Somali Pirates Living the High Life
But higher insurance fees would still cost less than the additional security, loss of productivity, manpower and ransom being paid out by companies when their ships are captured.
The British think-tank Chatham House released a report last month that estimated that more than $30 million in ransom money had been paid to pirates, at an average of about $2 million per ship. The money has turned piracy, which started more than a decade ago by Somali fishermen as a way to protect their trade from illegal fishing by other nationals, into big business.
Now the small fishing villages and towns on the coast are flush with cash. There are reports of young men in "pirate gangs" living the high-life in one of the poorest regions of Somalia. The resident of one town told the BBC that the pirates "wed the most beautiful girls. They are building big houses, they have new cars, new guns."
All that ransom money has also allowed pirates to run a more sophisticated operation. In the Chatham House report, "Piracy in Somalia: Threatening Global Trade, Feeding Local Wars," Roger Middleton, a researcher for the think tank's Africa program, said that pirates are increasingly using "mother ships" to increase their range and scope out targets.

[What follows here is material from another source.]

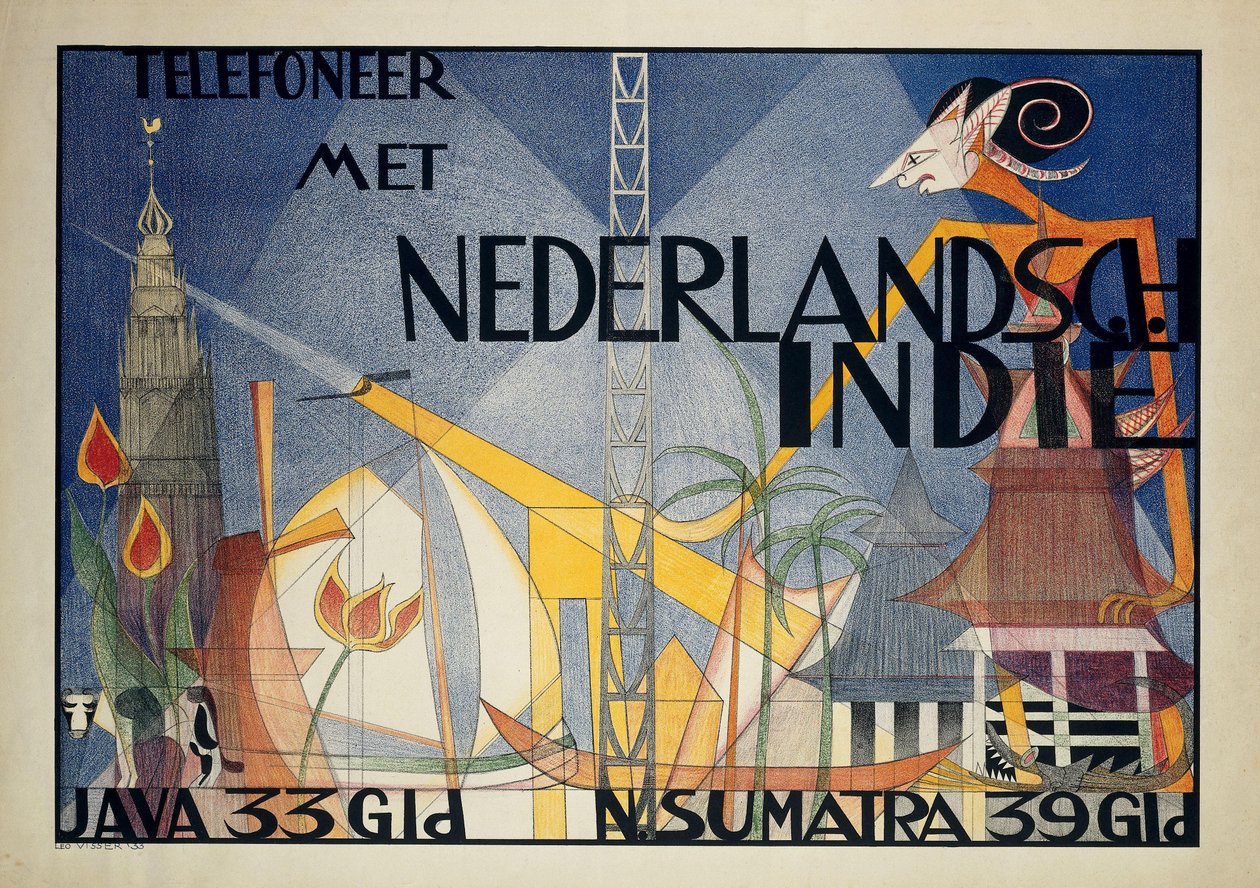 Plakát telefon Holland Kelet-Indiával Hívja a Holland Kelet-Indiát (...) (cím a tárgyon) alkotó: Leo Visser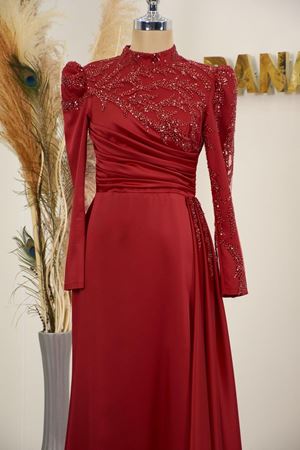 Rosa Tesettür Abiye Kırmızı Rnz210950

"These are generally fishing trawlers that the pirates capture closer to shore and then use as staging posts for attacks farther out to sea," he said.
More money also means better weapons, usually purchased from Yemen or the country's volatile capital, Mogadishu. The pirates even have a spokesman who frequently gives interviews by satellite phone.
So far, the CMF and the U.S. Navy maintain that once a ship is captured the ransom negotiations and what happens to the cargo is between the shipper and the pirates -- with one exception.
When the pirates grabbed the MV Faini and its load of weaponry Sept. 25, there were fears that the lethal load would find its way into war-torn Somalia or other parts of Africa.
MV Faina Is Cornered
The U.S. Navy dispatched several ships to track and corner the MV Faina to make sure that the pirates were not able to off load any of the cargo. While Christensen said they aren't involved in the ransom negotiations, which have ranged from $8 million to $20 million, the Navy ships will stay there until the situation is resolved.
Piracy is flourishing off the coast of Somalia because on land the country has been embroiled in civil wars for a generation and the current feeble government is busy trying to fend off an Islamic insurrection that threatens to topple it.
In his report, Middleton said the solution must be political, not from the military. "The most powerful weapon against piracy will be peace and opportunity in Somalia, coupled with an effective and reliable police force and judiciary," he wrote.
It's a sentiment Christensen agrees with. "Ultimately, piracy begins ashore," he said. "It is an international problem that requires an international solution. The international community together as a whole needs to engage ashore to deter these acts from starting in the first place."